Congestion, Speeding leads to Crushed Forklift Driver

A forklift driver, employed at a Linfox road-rail container depot, and in the process of moving a 32 tonne container, caught the edge of a nearby stack with his load. This caused the fork truck to flip forward, severely crushing the driver inside the cabin. He lived – but remained in hospital for more than four months.

The container, loaded with steel casts and more than 12m long, needed relocating within the depot. In order to move the container safely through the yard the forklift’s route required at least 15m in width. Due to site congestion, the route did not provide enough allowance and so the driver raised the load more than 8m to clear a stack of containers by the side of the road.
According to Australian Standards, an operator must not lift a load more than the minimum amount needed for the driver to see below the load. The fork truck lacked instruments to alert the driver to risk factors, such as the weight of the load, the tilt of the mast, or a speedometer, with the driver’s experience in safely handling loads left as the only real hazard control. Along with a culture of speeding at the site, this resulted in serious injury when the suspended load  failed to clear a section of the stacked containers.
The court heard that Linfox ought to control the risk factors through better training and supervision  and by  installing forklift control  and instruments  – all steps  reasonably  practicable  and  easily  implemented.  The  risks,  well  understood and  documented  industry-wide  in  three  sets  of  Australian  Standards,  as  well  as described in the operator’s manual for the particular fork truck used, included the instruction to “keep the load as low as possible and never travel with a load at vertical or forward tilt”.
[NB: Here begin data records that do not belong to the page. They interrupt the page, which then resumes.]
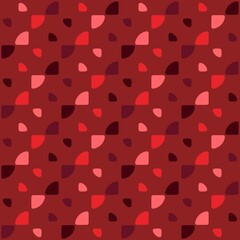 Rounded abstract seamless pattern - accent for any surfaces.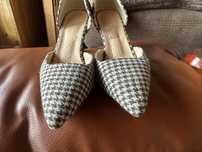 Damskie buty wzôr pepita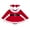 Red, variant on LMLYSoH Baby Girls 2Pcs Christmas Outfits Long Sleeve Fur Trim Velvet Romper Dress Headband Set Newborn Clothes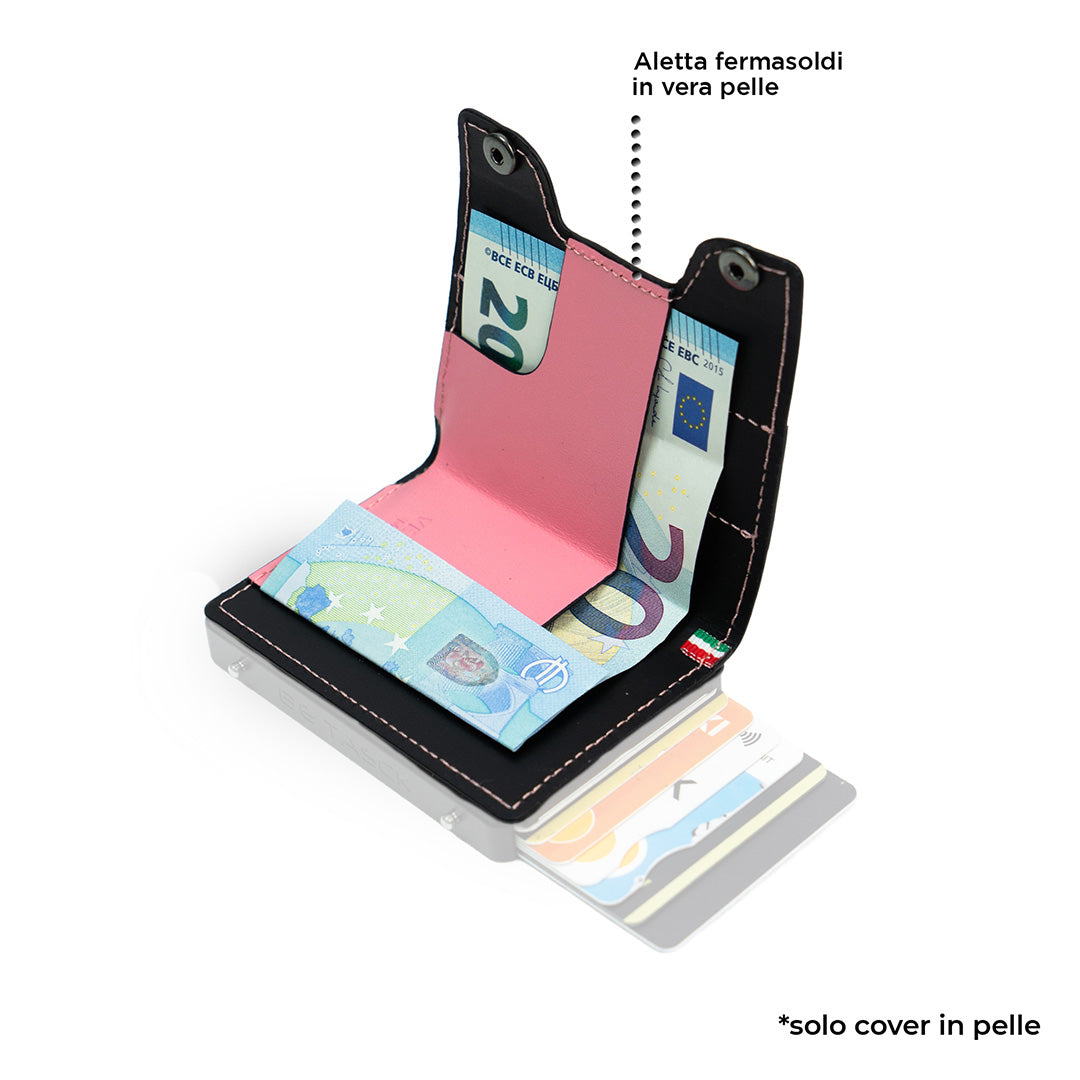 Cover in Pelle Be Tasck Bicolor Rosanero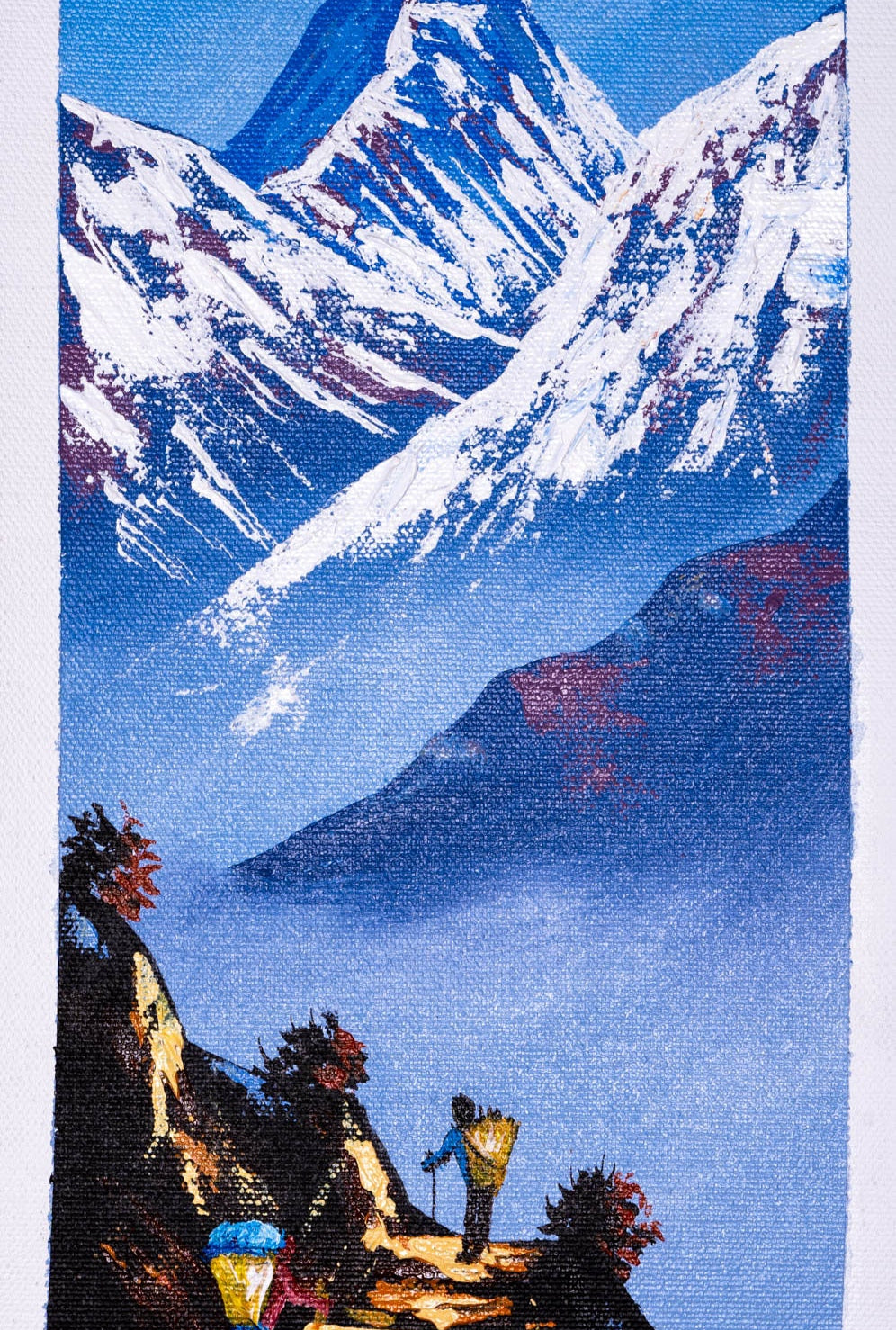 Mount Everest  Oil Painting - Lucky Thanka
The magistrate considered ten elements in deciding on a penalty:

1. the court must hand down a large enough penalty so as to compel attention to occupational health and safety generally, and to ensure that workers whilst at work do not find themselves exposed to risks to their health and safety;

2. that even if an employer could not foresee the precise cause or circumstances of the exposure to a risk, they ought to foresee the actual risk itself, along with the resulting injuries;

3. if the business did actually consider the risk of injury as foreseeable but no adequate response resulted, then this also aggravates the offence;

4. the gravity of the consequences of an accident does not of itself dictate the seriousness of the offence or the amount of penalty. However the occurrence of death or serious injury may manifest the degree of the seriousness of the relevant detriment to safety;

5. the court will view more seriously a systemic failure by an employer to appropriately address a known or foreseeable risk than a risk to an employee due to a combination of inadvertence on the part of an employee and a momentary lapse of supervision;

6. in light of the objects and terms of the law, particularly relevant factors include general and specific deterrence;

7. that the law requires employers to take all practicable precautions to ensure safety in the workplace. This implies constant vigilance. Employers must adopt a proactive approach to safety and not merely reactive. In view of the scope of those obligations, in most cases the law must encourage a sufficient level of diligence by the employer in the future – particularly so where the employer conducts a large enterprise which involves inherent risks to safety;

8. that the court regard the levels of maximum penalty set by the legislature as indicative of the seriousness of the breach under consideration;

9. the neglect of simple, well-known precautions to deal with an evident and great risk of injury, take a matter towards the worst case category;

10. the objective seriousness of the offence may call for the imposition of a very substantial penalty to vindicate the social and industrial policies of the legislation and its regime of penalties.

The magistrate also noted the following facts about this case:

1. the fact that prior to the incident, Linfox did not undertake a formal hazard identification and risk assessment of container movements;

2. the generally-known and foreseeable risk of injury associated with operating a fork truck with a raised load;

3. the fact that Linfox inadequately responded to the identified risk of injury due to congestion in the container yard until after the incident;

4. the fact that reasonable practicable steps, if taken, would enable Linfox to maintain a safe working environment, including plant and systems of work
– safe for its employees and without risk to their health;

5. the lack of adequate supervision, including the absence of appropriately skilled and qualified supervisors; and

6. the lack of a pro-active approach to risk identification and assessment at the yard prior to the incident, particularly given the generally known risks associated with operating fork trucks contributed to the seriousness of the incident;

On the other hand, Linfox did plead guilty early, and did afterwards try to address the inadequacy of the site. The court found $150k an appropriate penalty, along with an extra $25k to Comcare for costs.